「パンズ・ラビリンス(06年)」
ファンタジーというと、どうしても「ハリー・ポッター」や「ナルニア国物語」といった、家族一緒に楽しめるというイメージが強いけれど、それとはちょっと、いや、だいぶ雰囲気の違う映画がこれ。
「44年、スペイン内戦は終息したが、フランコ将軍の圧制に抵抗するゲリラたちは、山にこもって戦いを続けていた。
その最前線に、母親の再婚相手、フランコ軍のビダル大尉と暮らすために、オフェリアという少女がやって来る。
だが、そこに待っていた大尉は冷酷な男で、母親の体に宿った自分の息子にしか興味を示さず、オフェリアは孤独な日々を送る。
そんなとき、オフェリアは迷宮のなかで出会ったパン(牧神)に、彼女は地底世界の王女の生まれ変わりだと告げられたのだった」
こうして主人公のオフェリアは現実とも幻想とも付かない世界のなかに足を踏み入れていくのだが、そのゆくてに彼女を待っていたものは…。

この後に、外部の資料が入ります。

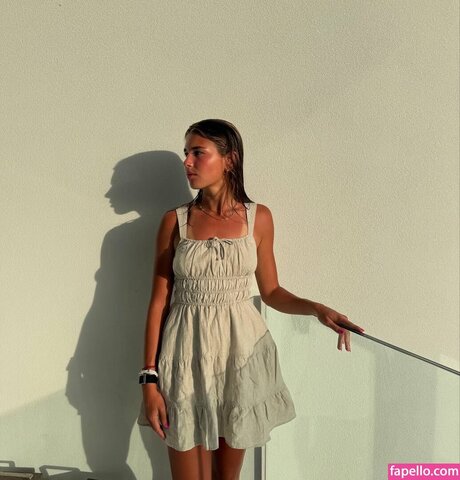 Kai Trump top heiße bilder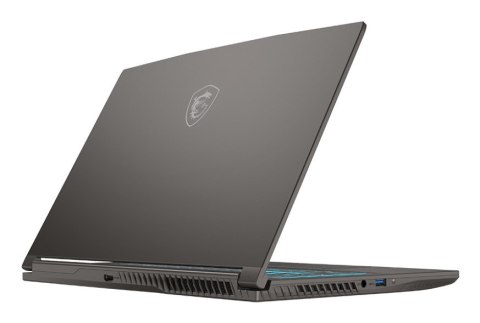 MSI Thin 15 B12UC-1621XPL i5-12450H 15.6" FHD 144Hz IPS-Level 16GB DDR4 3200 SSD512 RTX 3050 4GB NoOS MSI MSI Thin 15 B12UC-1621XPL i5-12450H 15.6" FHD 144Hz IPS-Level 16GB DDR4 3200 SSD512 RTX 3050 4GB NoOS MSI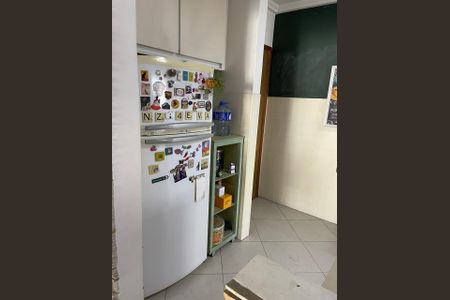 Apartamento à venda com 107m², 3 quartos e 1 vaga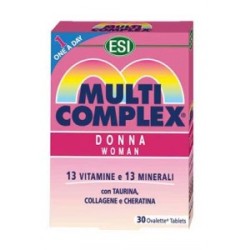 MULTI COMPLEX MUJER ESI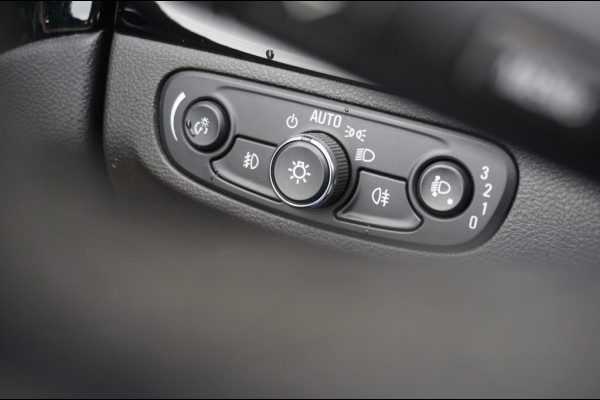 Opel Mokka X 140PK COGNAC LEER | SCHUIFDAK | WINTERPACK | NAVI | CAMERA | LUX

いつも見ているようなファンタジー映画のつもりでスクリーンに向かっていると、かなりショックを受ける作品である(PG12指定)。
妖精たちの造形もかわいげはなくグロテスクであるし、それ以上に人間たちの織りなす現実の恐怖は、もっと救いがない。
にもかかわらず、これは「ほの暗い美しさ」に彩られた秀作だと言っていいだろう。
現実世界とオフェリアの幻想の世界が同時進行のかたちで並行して描かれているため、どっちつかずになる感じがあるのはもったいないが…。